# Why would A tortoise be on their back



## HollyAbigail (Mar 11, 2014)

Just wondering, as I found mine on it's back when I woke up( he could have possibly fallen of the log ) but is normal for them fall on to their back themselves or maybe my other tortoise may have knocked him over ? Any ideas so I can prevent it? And if anyone knows the damage it could do to him that may help


----------



## Tom (Mar 11, 2014)

*RE: Why would I tortoise be in their back*

Both are possibilities. How many tortoises, what size and species, and what size enclosure?


----------



## HollyAbigail (Mar 11, 2014)

*Why would I tortoise be in their back*

2 three year old red foots in a four feet Viv the tortoises are tiny


----------



## abclements (Mar 11, 2014)

*Re: Why would I tortoise be in their back*

How big are the tortoises? And when you say a 4 ft viv, is it something like 4'X2'? At three years old, redfoots shouldn't be tiny. They should be pushing 5-7ish inches, give or take a few depending on conditions.

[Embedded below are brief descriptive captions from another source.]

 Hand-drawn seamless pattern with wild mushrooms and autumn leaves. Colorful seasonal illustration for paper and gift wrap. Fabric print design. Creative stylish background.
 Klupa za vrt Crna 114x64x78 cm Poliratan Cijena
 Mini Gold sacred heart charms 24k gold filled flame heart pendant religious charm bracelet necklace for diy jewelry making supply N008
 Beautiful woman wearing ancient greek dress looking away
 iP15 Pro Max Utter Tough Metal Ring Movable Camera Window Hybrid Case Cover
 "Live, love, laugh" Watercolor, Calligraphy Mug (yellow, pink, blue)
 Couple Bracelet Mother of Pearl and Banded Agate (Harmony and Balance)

I ask these questions because it could be a possibility of domination by one tort, especially if the enclosure is too small for them


----------



## wellington (Mar 11, 2014)

A 4x4 or 4x2 viv is too small for any two tortoises, pretty much even hatchlings. You need to get them a much bigger enclosure, better if you can get them outside.


----------



## HollyAbigail (Mar 11, 2014)

They are really small, I haven't had them long so I don't know why and weather is to bad here for outside


----------



## Tom (Mar 11, 2014)

To answer your question, yes, it is fairly normal for them to end up on their backs. There is no way to know what happened in this case.


----------